▸ EXERCISE GOAL
Repeat the data that follows in full. Do not include the pictures.

▸ DATA EXTRACT
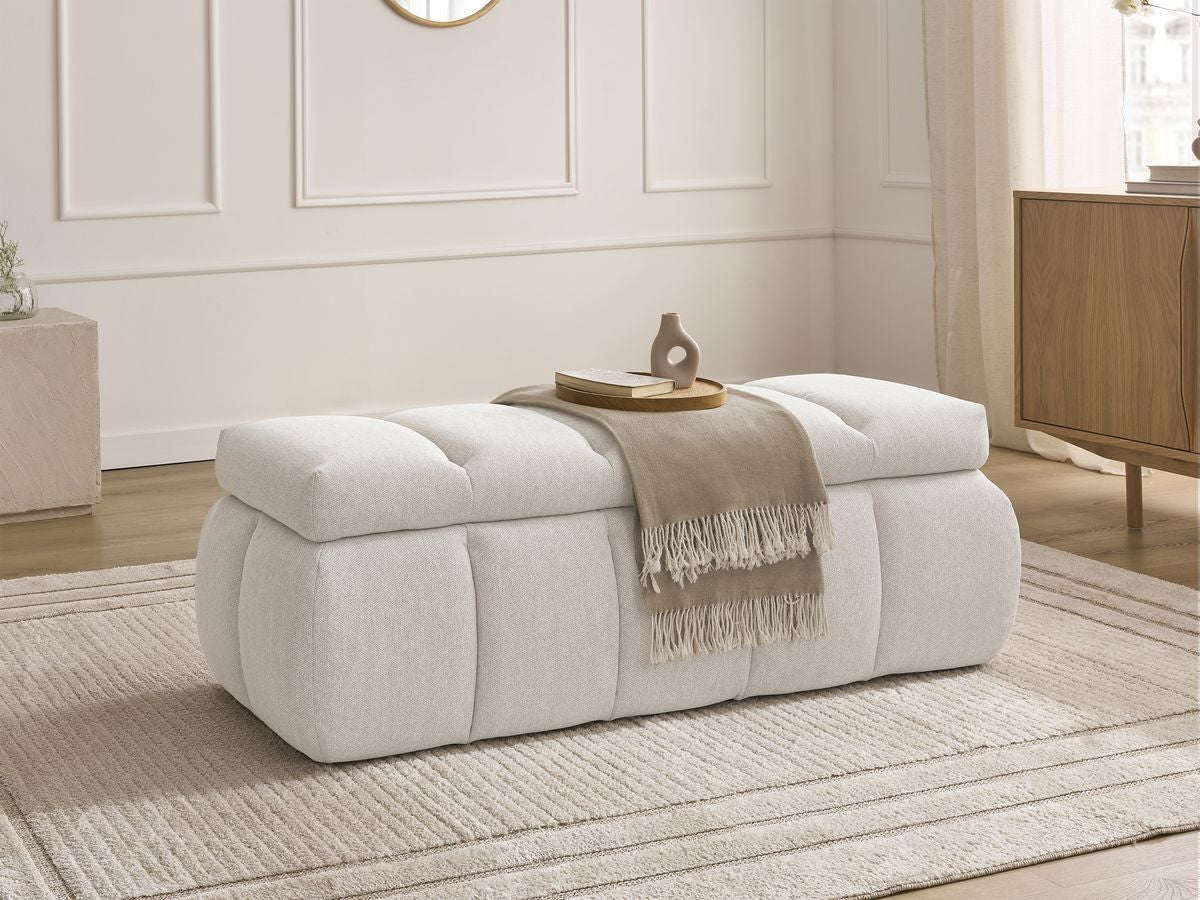 Bout de lit DENALI tissu lisse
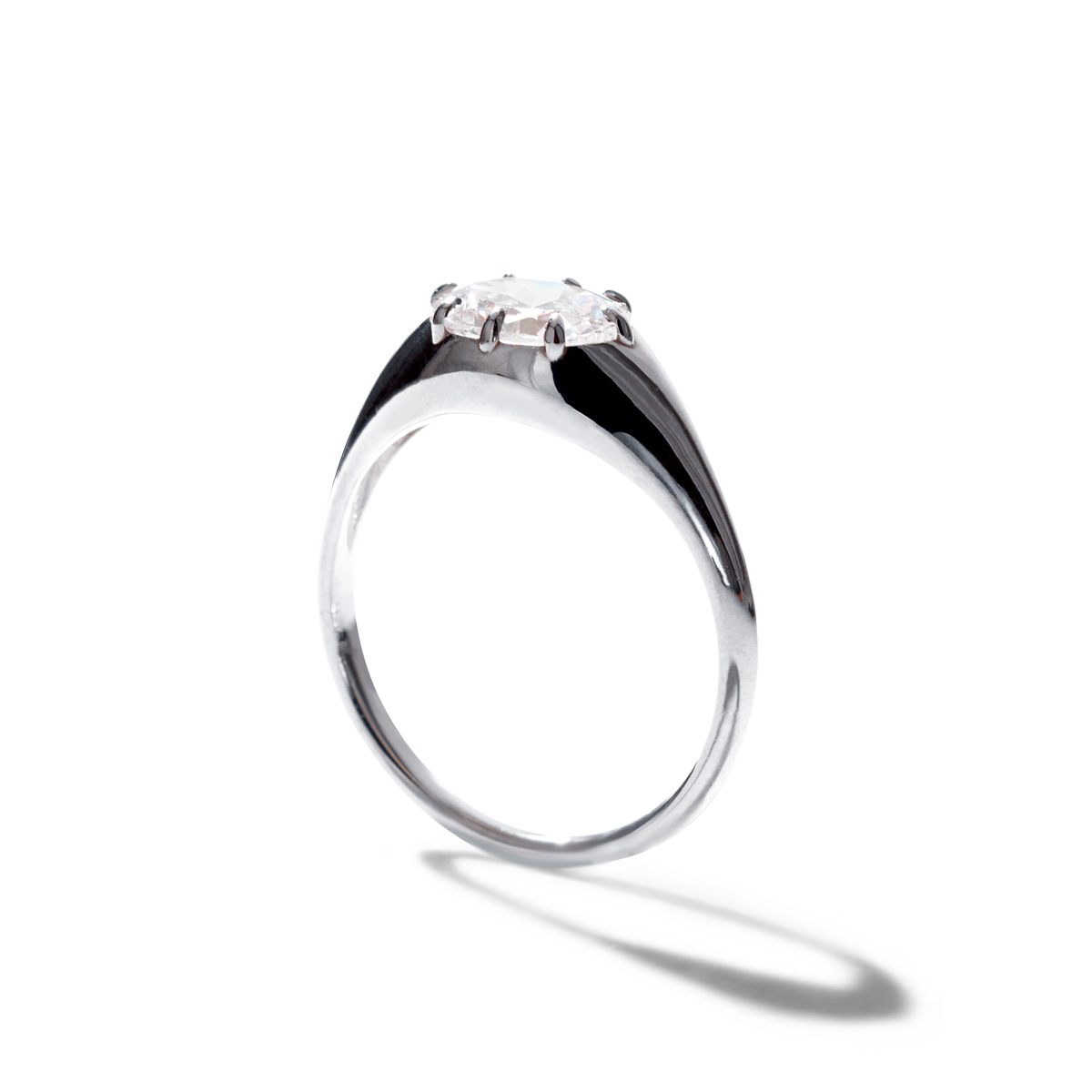 18K White Gold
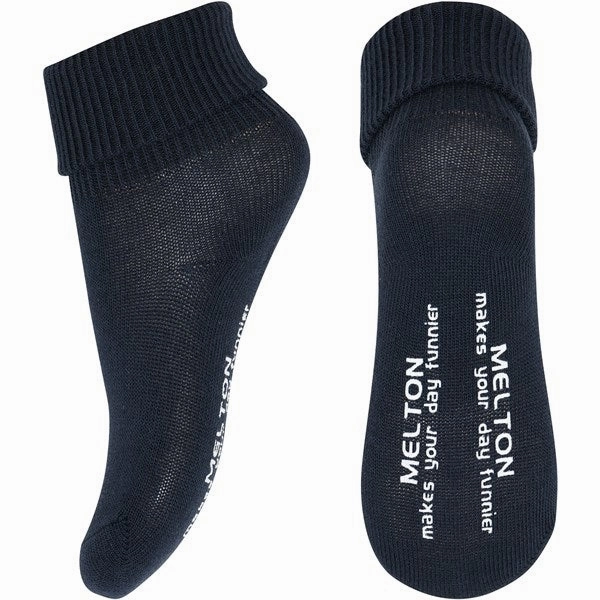 Melton Cotton Anti-Slip Socks Marine Hot Offer Frenzy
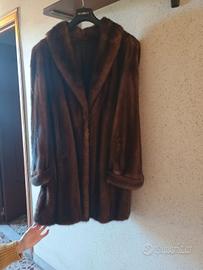 Cappotto di visone marrone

▸ ANSWER AREA
 Bout de lit DENALI tissu lisse
 18K White Gold
 Melton Cotton Anti-Slip Socks Marine Hot Offer Frenzy
 Cappotto di visone marrone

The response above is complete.